De forma geral, o impacto do silêncio e da sua quebra tem sido usado para dois fins: o de grudar os espectadores na poltrona ou de fazê-los saltar delas. A este último chamamos de jump scare, popularmente conhecidos como “(filmes de) susto“. Nesta ferramenta, o silêncio é usado após trilha sonora de tensão, para fazer a audiência relaxar antes de ser pega de guarda baixa sob um grito ou uma figura assustadora que aparecerá do nada. No início do século XXI, contudo, o sucesso deste instrumento fez com que ele gradativamente engolisse todo o gênero do horror, de forma que o público passou a confundir terror com sustos, com histórias ralas e rasas, escondendo-se por trás de monstros genéricos que saltavam às telas.
Mas existe o outro silêncio. Existe a ausência de sons que cria uma atmosfera opressiva, e que não tem pretensão nem pressa de ser quebrado. Embora sempre presente no gênero, a mais recente virada de década viu o retorno de filmes que não pretendem ser resumidos a seus sustos, e exploram o mutismo de um ambiente de forma a torná-lo mais perigoso. Da mesma forma que o escuro gera tensão por prenunciar o que se esconde nele, o silêncio incita o medo por nunca sabermos quando ele será violentamente despedaçado.
A ciência explica isso ao apontar que, além de sermos evolutivamente propensos a prestar mais atenção aos sons em meio ao silêncio para garantir nossa sobrevivência, as últimas gerações que nasceram e cresceram em meio à cacofonia da vida urbana não sabem o que é viver sem barulho. Quando estas pessoas são expostas ao mudo absoluto, o cérebro se põe em alerta ao notar aquela situação como incomum, e não tarda para que a ansiedade cresça ao ponto da mente começar a pregar peças. O ser humano, tendo aprendido a depender de sons para toda forma de comunicação, paralisa frente ao silêncio.

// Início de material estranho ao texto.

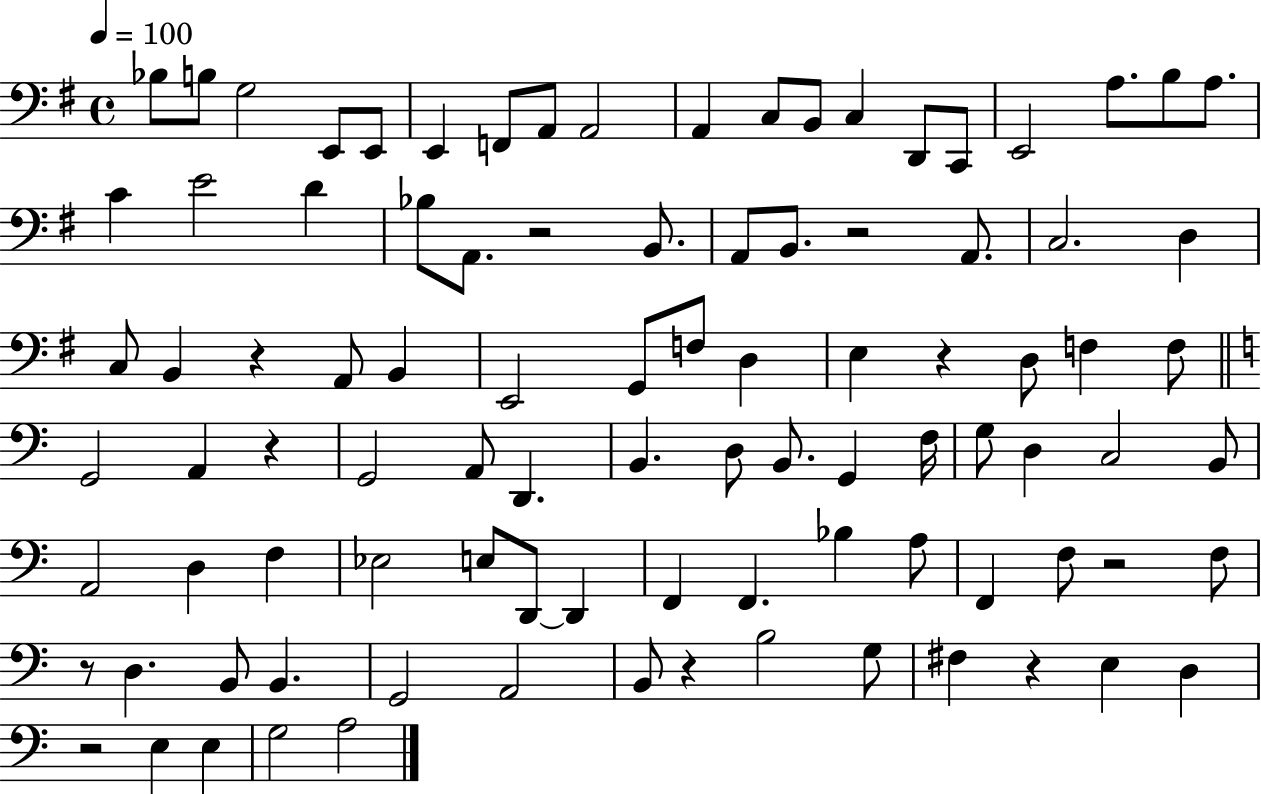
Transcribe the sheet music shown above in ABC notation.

X:1
T:Untitled
M:4/4
L:1/4
K:G
_B,/2 B,/2 G,2 E,,/2 E,,/2 E,, F,,/2 A,,/2 A,,2 A,, C,/2 B,,/2 C, D,,/2 C,,/2 E,,2 A,/2 B,/2 A,/2 C E2 D _B,/2 A,,/2 z2 B,,/2 A,,/2 B,,/2 z2 A,,/2 C,2 D, C,/2 B,, z A,,/2 B,, E,,2 G,,/2 F,/2 D, E, z D,/2 F, F,/2 G,,2 A,, z G,,2 A,,/2 D,, B,, D,/2 B,,/2 G,, F,/4 G,/2 D, C,2 B,,/2 A,,2 D, F, _E,2 E,/2 D,,/2 D,, F,, F,, _B, A,/2 F,, F,/2 z2 F,/2 z/2 D, B,,/2 B,, G,,2 A,,2 B,,/2 z B,2 G,/2 ^F, z E, D, z2 E, E, G,2 A,2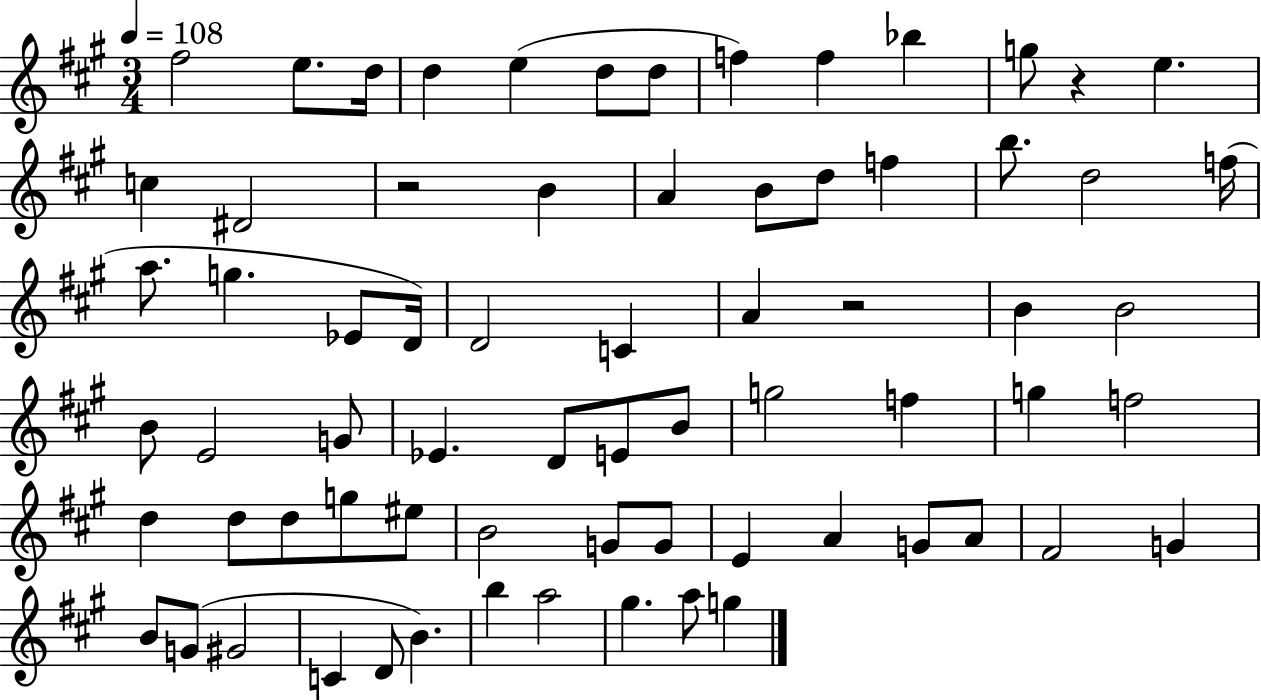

É esta paralisia que é explorada, por exemplo, nos recentes “Um Lugar Silencioso” e “Hereditário“, para fins diferentes. O primeiro, dirigido por John Krasinski, coloca seus personagens na ponta dos pés ao colocar monstros cegos à espreita do primeiro ruído para atacar suas vítimas, obrigando os seres humanos sobreviventes a viver sem barulhos. Aqui, o silêncio ocupa um papel central na trama; além de ser parte integrante da premissa, ele é elevado ao protagonismo no filme, por determinar a forma como os personagens se relacionam. Em terra de “Um Lugar Silencioso”, quem é quieto é rei, e o filme constrói sua tensão em torno deste conceito.
Já no impressionante “Hereditário”, o silêncio volta a espreitar às margens enquanto as desgraças na família de Annie (Toni Collette, de “Pequena Miss Sunshine“) se desenrolam na tela. Embora também seja quebrado em sustos, o silêncio aqui é usado de forma a aumentar a pressão sobre pessoas que não têm ideia do que está acontecendo ao seu redor. A atmosfera opressa intensifica o impacto do sobrenatural, e mergulha o público dentro da projeção, ao ajudar no processo de isolamento. Se não há barulho lá fora, não há ninguém que possa vir nos salvar.
Outro longa recente que trabalha seus sons para fins de isolamento de maneira ainda mais drástica é “A Bruxa“, de 2016. Colocando sua família protagonista isolada junto à floresta, o silêncio se mescla ao cenário e é pano de fundo para um filme que prefere usar a ansiedade em detrimento da violência para por seu público de cabelos em pé. Assim, é possível observar o silêncio ocupando uma tríade macabra no horror contemporâneo, combinando composição de cenário, opressão atmosférica e mesmo protagonismo no decorrer das tramas.
Esta redescoberta do poder da ausência de sons em filmes recentes demonstra a força dos nossos instintos aplicados ao entretenimento e à arte. No terror, a tratativa do silêncio se torna tão impactante quanto o escuro, sendo que ambos ainda têm em comum a percepção do medo do que eles podem esconder. Em outras palavras, só porque você não está escutando som algum, não quer dizer que não tenha algo atrás de você.